┌──

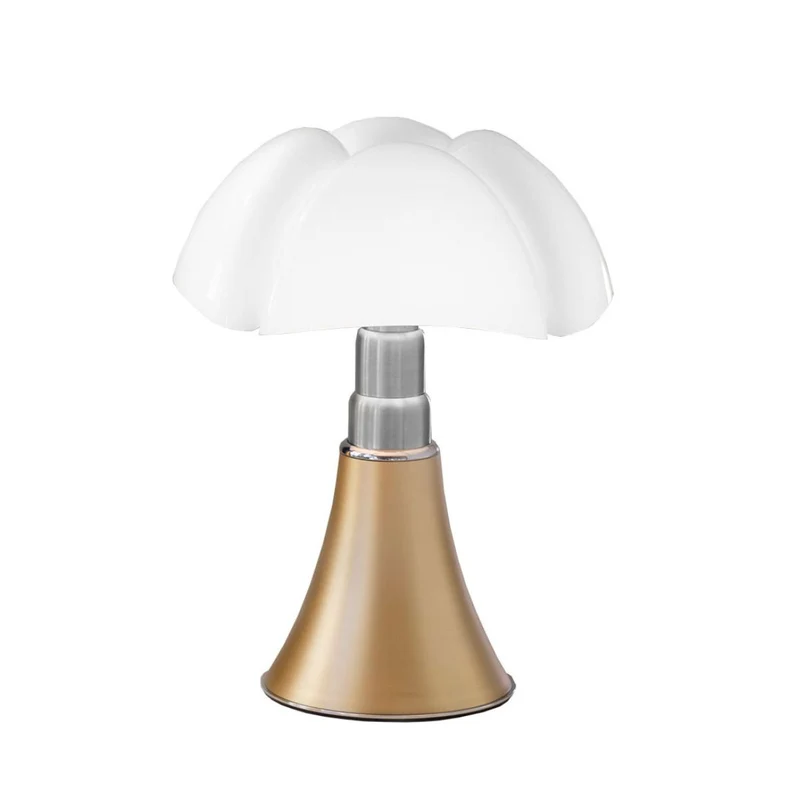 Martinelli Luce Minipipistrello LED Table Lamp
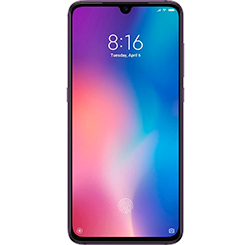 Ремонт Xiaomi Mi9 SE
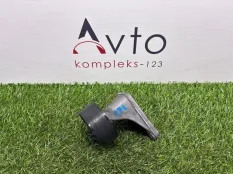 Ролик обводной Audi Q5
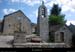 20110621_mtlozere_stetienneduvaldonnez_hameaudelafage2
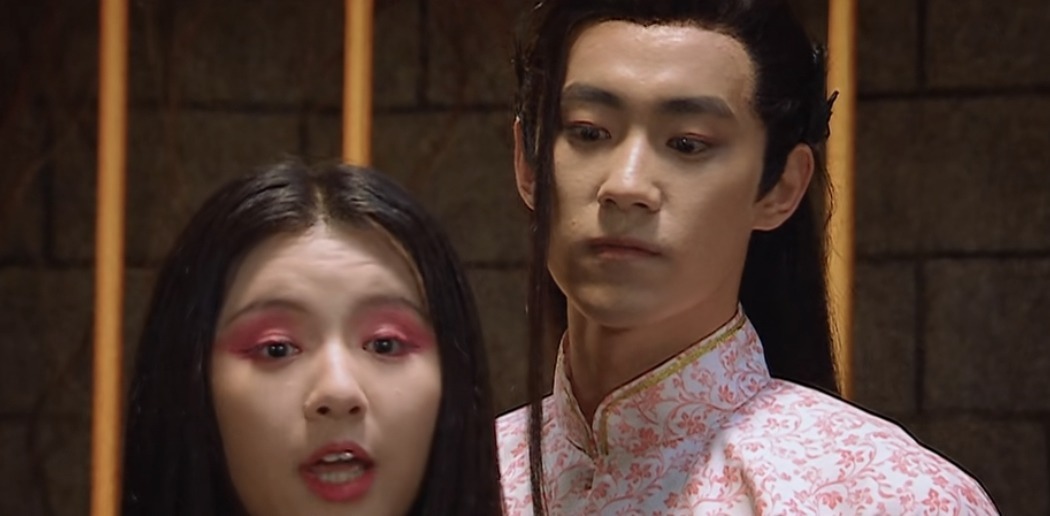  淘汰|《演员请就位》存2大疑点，曹骏被淘汰是早有预谋还是真没实力？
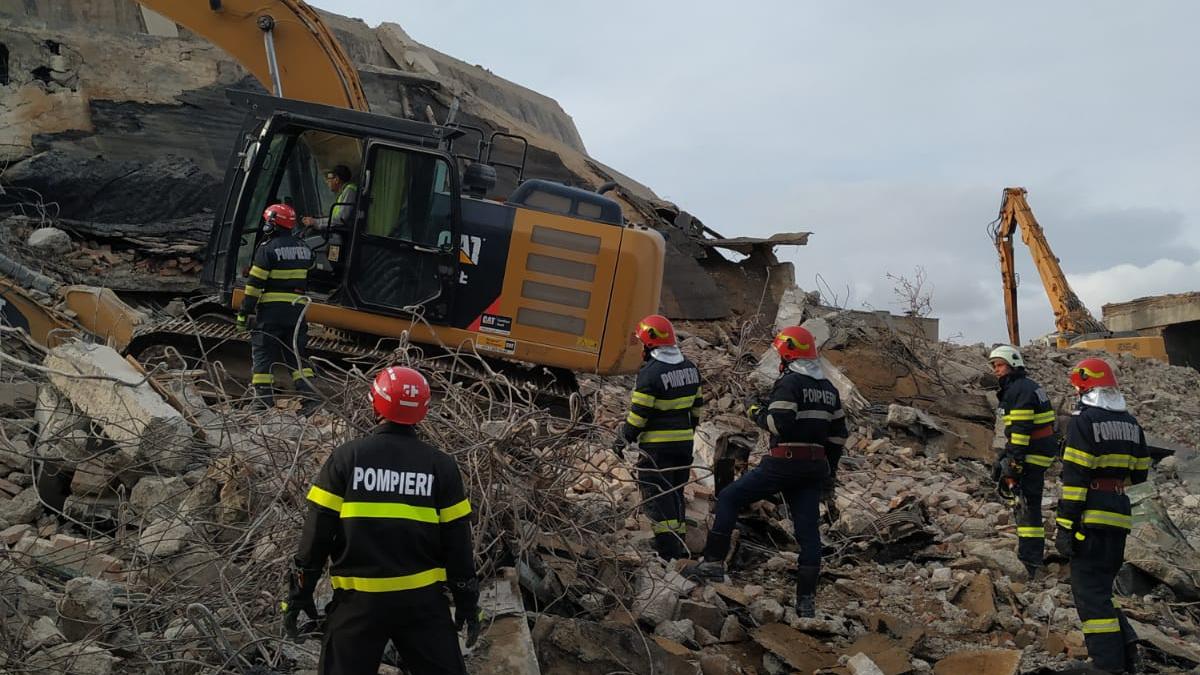 whatsapp-image-2020-10-06-at-17-09-02_60762700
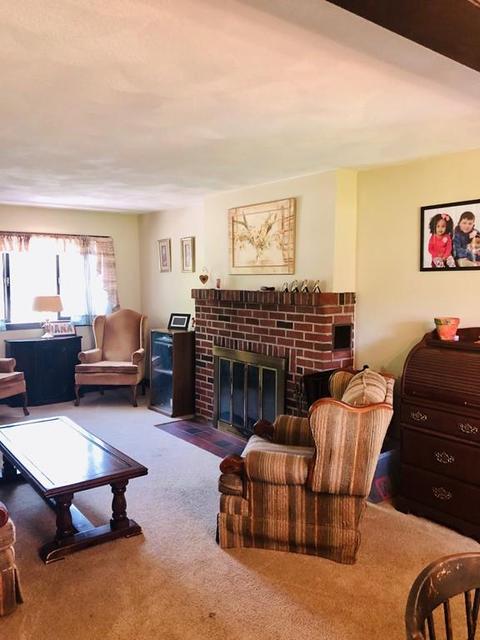 1252 Main St, Reading, MA 01867 photo 7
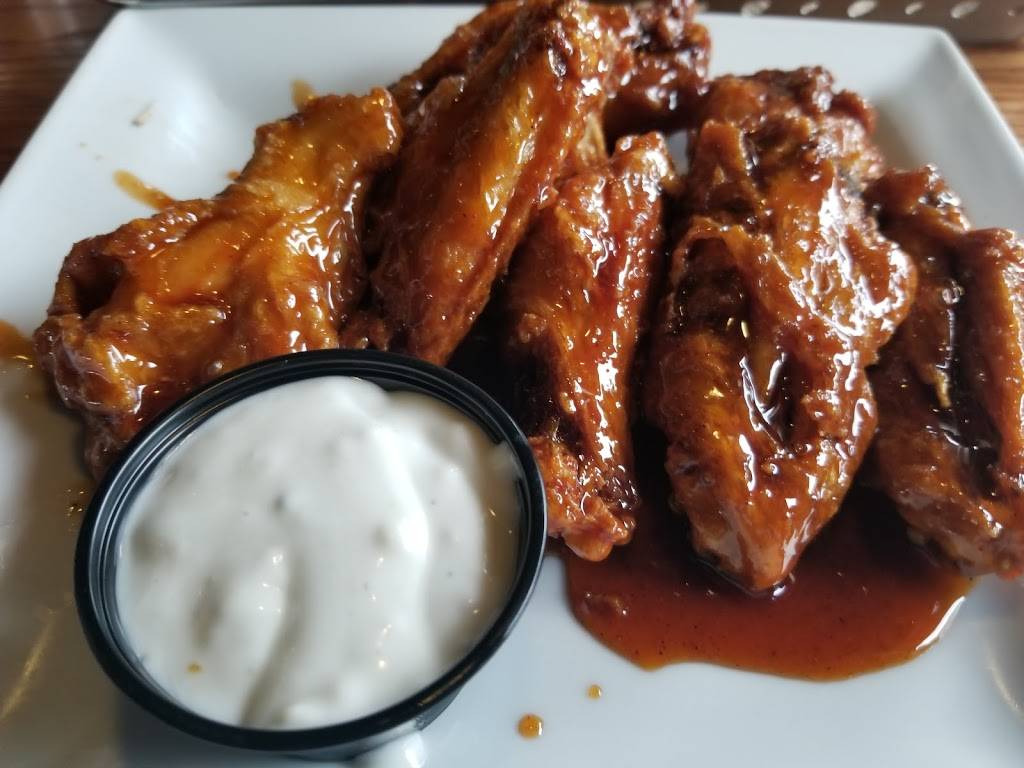 Chilis Grill & Bar | meal takeaway | 1570 Dogwood Dr SE, Conyers, GA 30013, USA | 7706021301 OR +1 770-602-1301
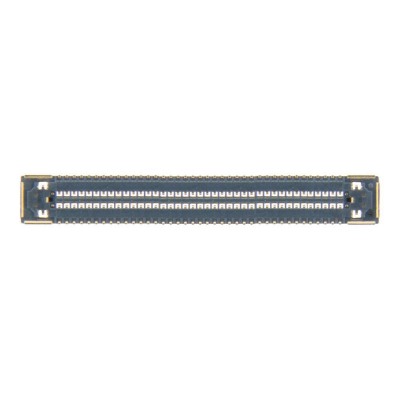 Lcd Connector For Samsung Galaxy A42 5g By - Maxbhi Com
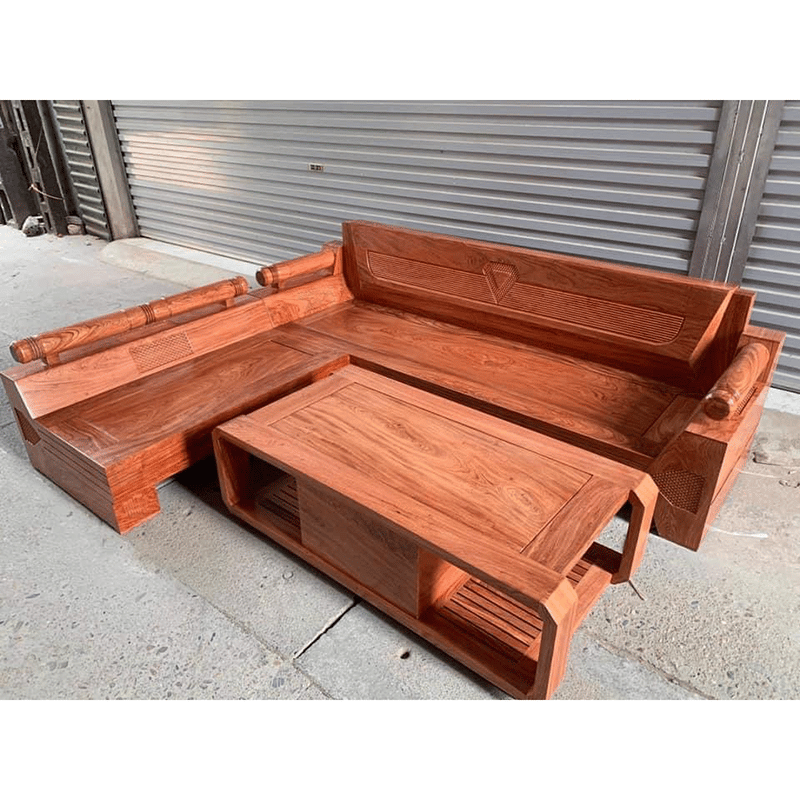 sofa-go-soi-cao-cap-gia-re-dep-tr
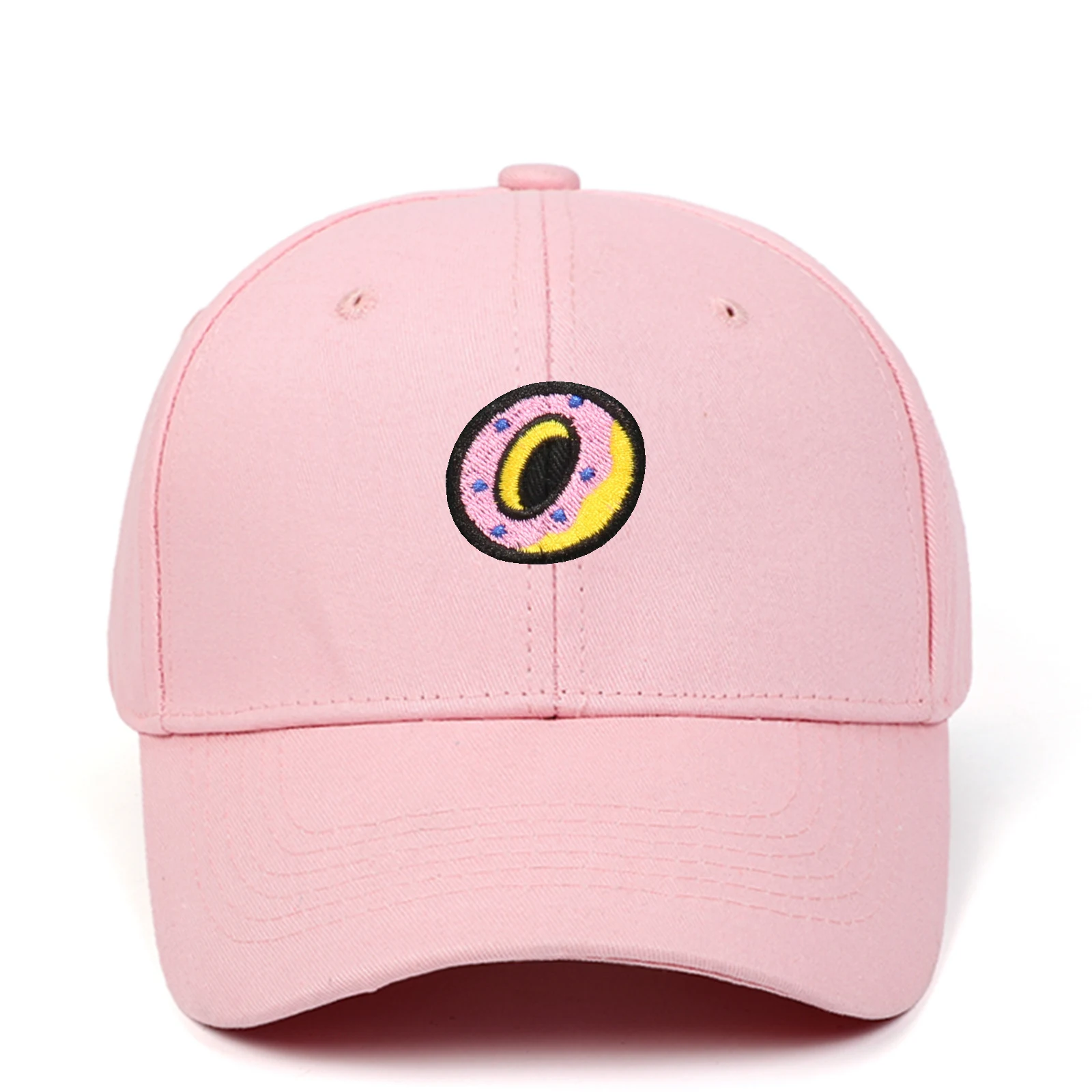 product image - 3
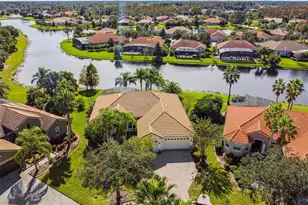 506 Tapatio Ln, Poinciana, FL 34759 - Photo 46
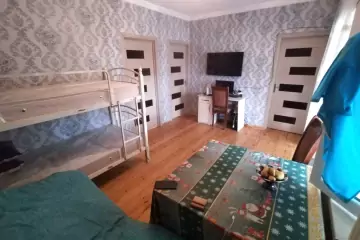 Satılır Həyət Evi Maştağada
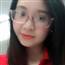 Nguyễn Hương Quỳnh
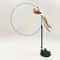 Interactive Feather Cat Toy With Suction Cup And Bell 0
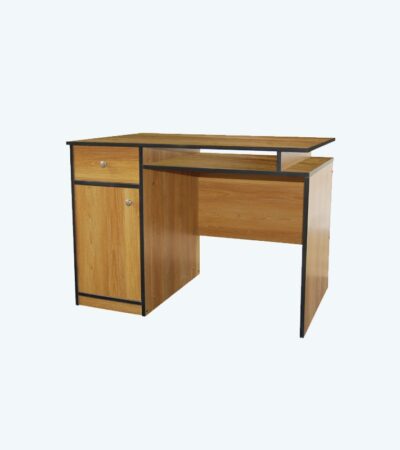 EXECUTIVE TABLE (FTM 0569 ZT ZZ)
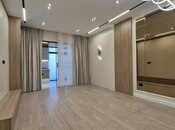 3-комн. новостройка - м. 8 ноября - 106 м²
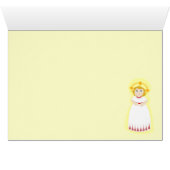 "Confirmacion"-Customize Cards (Inside Horizontal (Bottom))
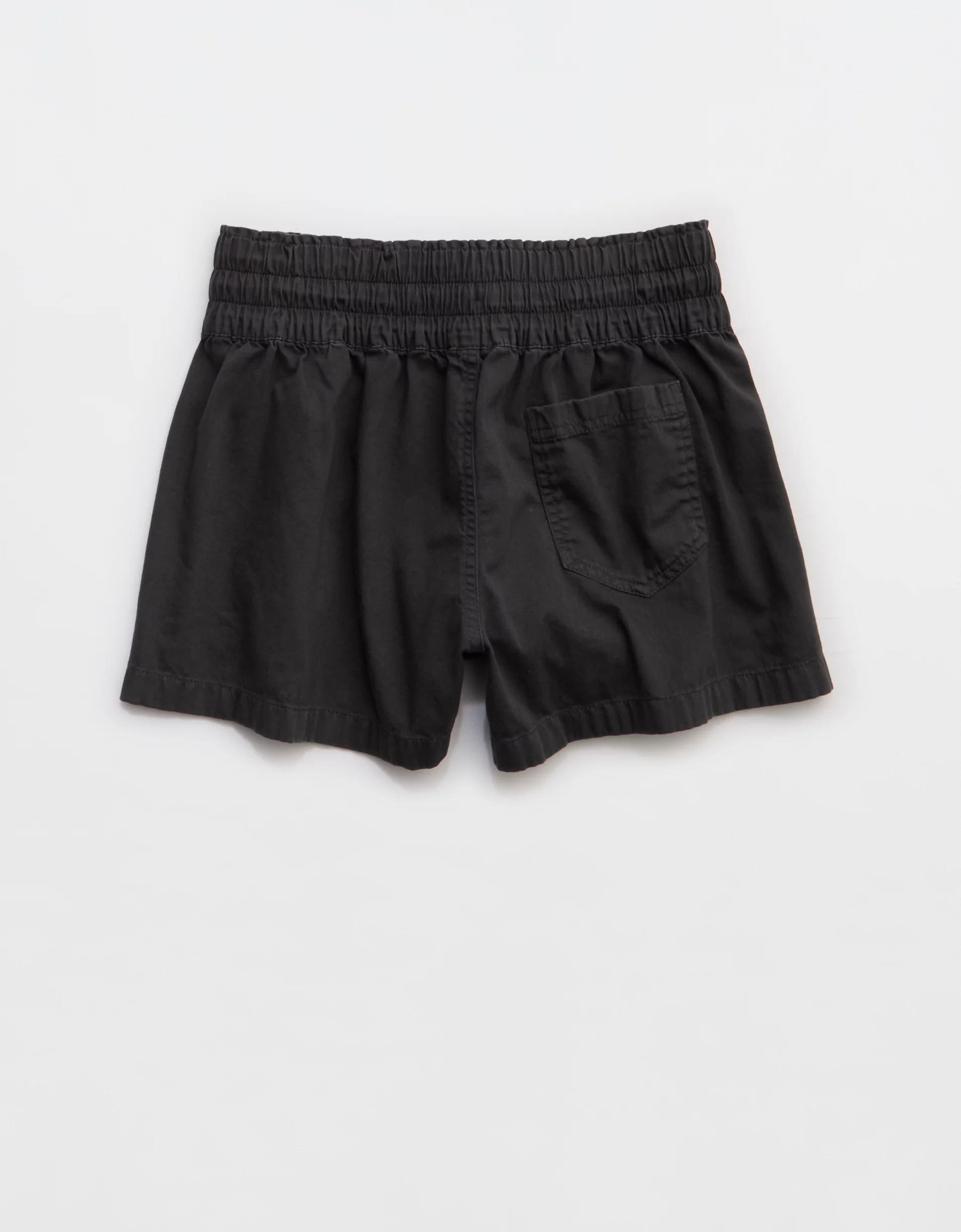 Aerie Boho Short Product Image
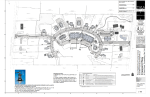 46_south_final_siteplan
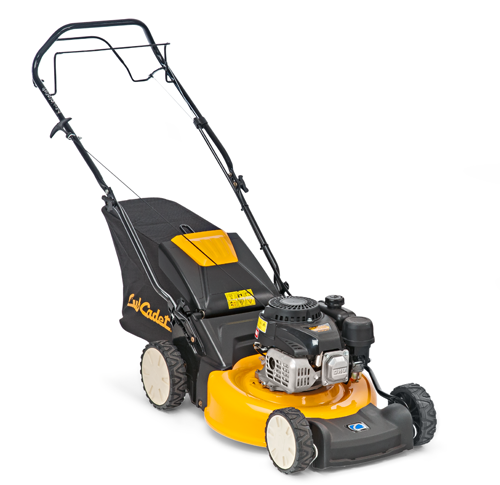 Rasaerba a scoppio semovente LM1 AR46 | CUB CADET | Duedi Store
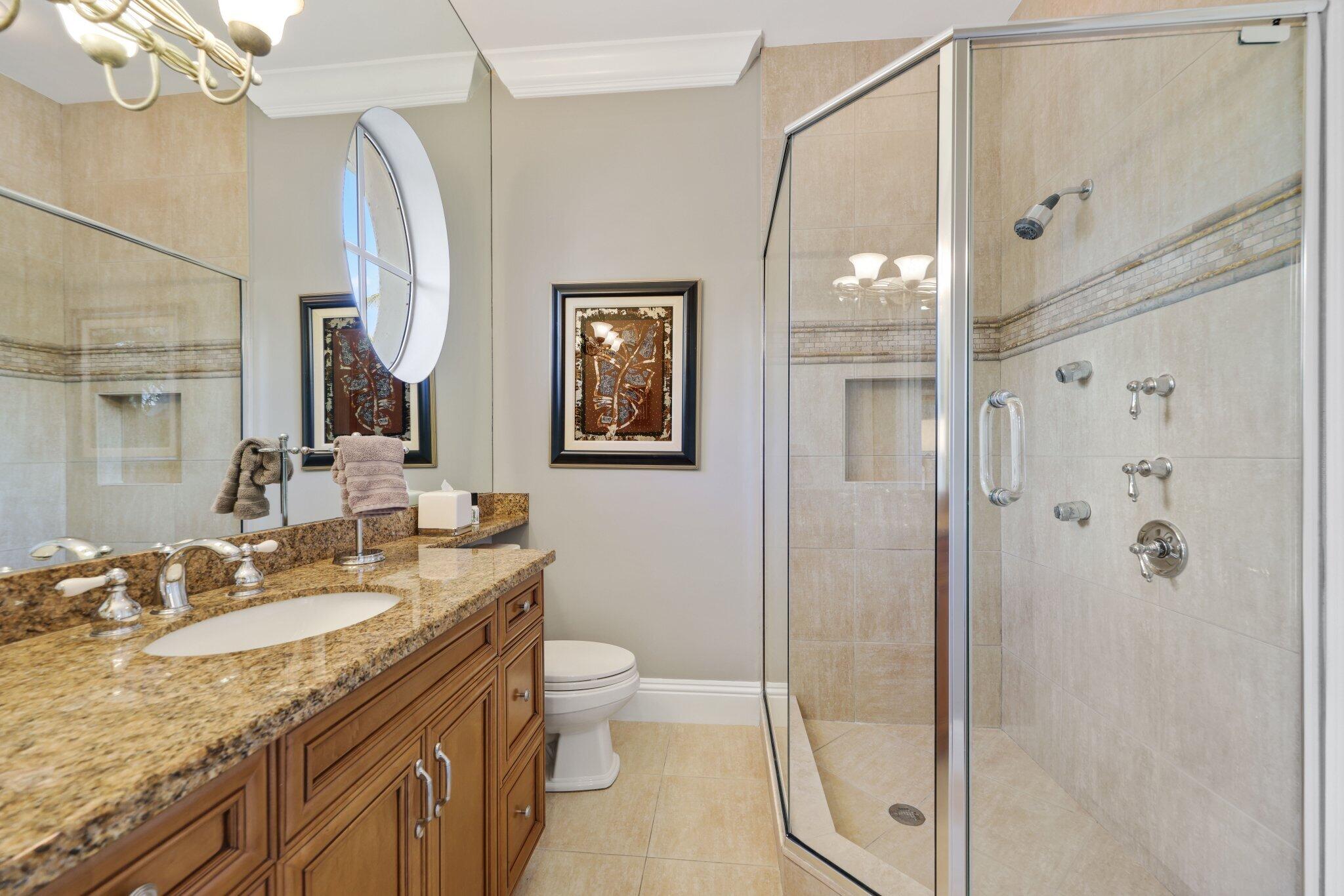 4317 Intracoastal, Highland Beach FL 33487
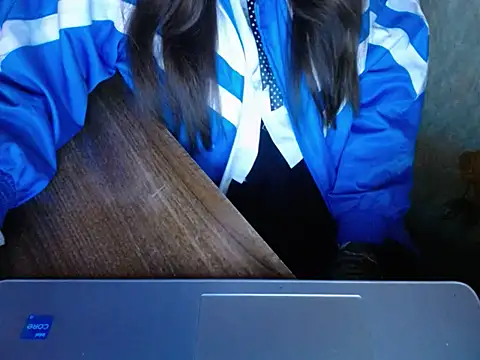 maian love online show from March 22, 7:37 pm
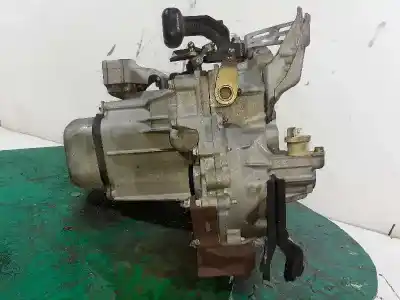 Pezzo di ricambio per auto di seconda mano riduttore per citroen c3 1.4 riferimenti oem iam 20cf15  0089153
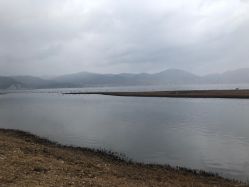 -纳帕海依拉草原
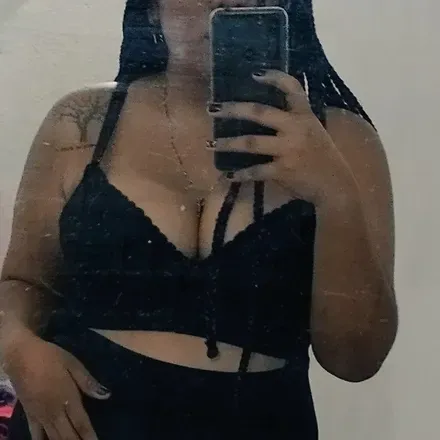 OnlyFans cuenta u264240407 avatar 1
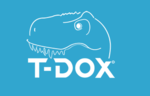 T-Dox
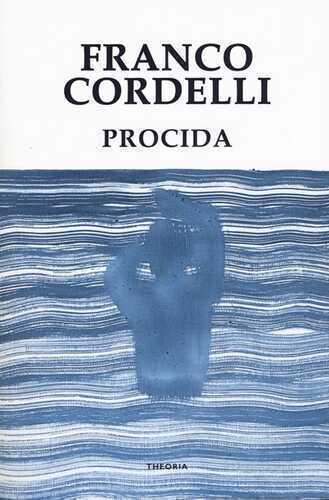 Procida — Franco Cordelli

└──

ASSIGNMENT:
Please set down only the lines from the one containing "EXECUTIVE TABLE (FTM 0569 ZT ZZ)" through the end of the entries, exactly as they stand, both ends included and with no pictures.

RESULT FOR THIS EXERCISE:
 EXECUTIVE TABLE (FTM 0569 ZT ZZ)
 3-комн. новостройка - м. 8 ноября - 106 м²
 "Confirmacion"-Customize Cards (Inside Horizontal (Bottom))
 Aerie Boho Short Product Image
 46_south_final_siteplan
 Rasaerba a scoppio semovente LM1 AR46 | CUB CADET | Duedi Store
 4317 Intracoastal, Highland Beach FL 33487
 maian love online show from March 22, 7:37 pm
 Pezzo di ricambio per auto di seconda mano riduttore per citroen c3 1.4 riferimenti oem iam 20cf15  0089153
 -纳帕海依拉草原
 OnlyFans cuenta u264240407 avatar 1
 T-Dox
 Procida — Franco Cordelli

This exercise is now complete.